Let’s Talk About Grinding with Spindles
All spindles grind. They remove material from a rough block of substance, referred to as the workpiece, to achieve a desired form, often with specific detail. That workpiece could be wood, high-grade plastic, or different types of metal. In this article, our conversation refers to various types of metal workpieces.
Spindles enable the high-speed grinding process by delivering a spinning tool to the workpiece, often at high speeds and at precise angles. This is known as subtractive manufacturing because it subtracts or removes material, as opposed to additive manufacturing, which adds material (such as 3D printing).
Types of Spindles
- Belt-Driven Spindles: These spindles use a belt to transfer power from the motor to the spindle. They provide speed but not necessarily a high degree of torque. For some jobs, they are an affordable solution.
- Direct-Drive Spindles: These spindles connect to the motor via a gearbox. There is a more solid connection to the drive source. You get high speeds, more torque, and more precision.
- Spindles with Internal Motors: Some spindles come with an internal motor, And this might be the perfect solution for a particular application.
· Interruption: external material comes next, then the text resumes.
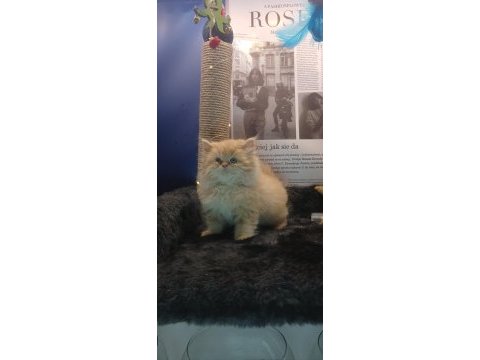 Pofuduk show class iran kedisi bebek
- Water-Cooled and Air-Cooled: spindles. Many spindles come with an internal cooling system. Water-cooled systems require a separate chiller to cool the water after it removes heat from the spindle. Air-cooled spindles need adequate circulation, which could be problematic if space is at a premium in your factory.
Types of Spindle Grinding
There are different types of spindle grinding. Some examples include:
- ID Grinding: ID grinding is the process of grinding an inner diameter of a part. When ID grinding is done it can not be done between centers so typically the part is held in a 4-jaw chuck and is spun at a specific RPM while a high-speed spindle with a grinding wheel attached removes stock. Grinding longer parts, such as a pilot in a shaft, requires a steady rest to bear the overhanging weight and decrease the overall deflection of the part. Another popular method of holding a part for ID grinding is using a magnetic chuck, this setup works best for stubbier parts, for example bearing housings or front caps.
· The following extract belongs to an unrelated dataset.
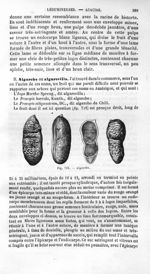 Algarobo - Histoire naturelle des drogues simples, ou Cours d'histoire naturelle professé à l'École  [...]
- Thread Grinding: Thread grinding is done when hard parts need threads. Hard parts cannot be threaded by traditional methods like tap and die. Instead, specially shaped grinding wheels are used. The spindle holding the grinding wheel must move in sync with the speed of the rotating part depending on what pitch is needed. For example, a thread with a 1 mm pitch must move 1 mm in the X direction for every 1 rotation of the part. This process is repeated several times, each time the grinding wheel is fed into the part in the Y direction until the threads are deep enough in the part.
- OD Grinding: OD grinding is the process of grinding the outer diameter of a part. This is normally done between precision centers. The part is spun and a spindle with a large grinding wheel removes stock. Using this method, it is possible to hold very tight tolerances. To get the best surface finish on a part, a good practice is to traverse the grinding wheel on the part during the grind. This makes up for any inconsistencies the grinding wheel may have.
- Gear Grinding: Gearboxes are another commonly found item in manufacturing. Gears are machined to a high degree of accuracy to mesh with one another precisely and provide maximum power.
- Tapered Grinding: Some spindle grinding processes need a tapered exterior surface to mate with another part, and this surface often requires a fine finish. Tapered grinding tools are conical-shaped wheels, usually made of aggregate material, with a surface that tapers outwards. They come in different sizes and taper angles, depending on the application.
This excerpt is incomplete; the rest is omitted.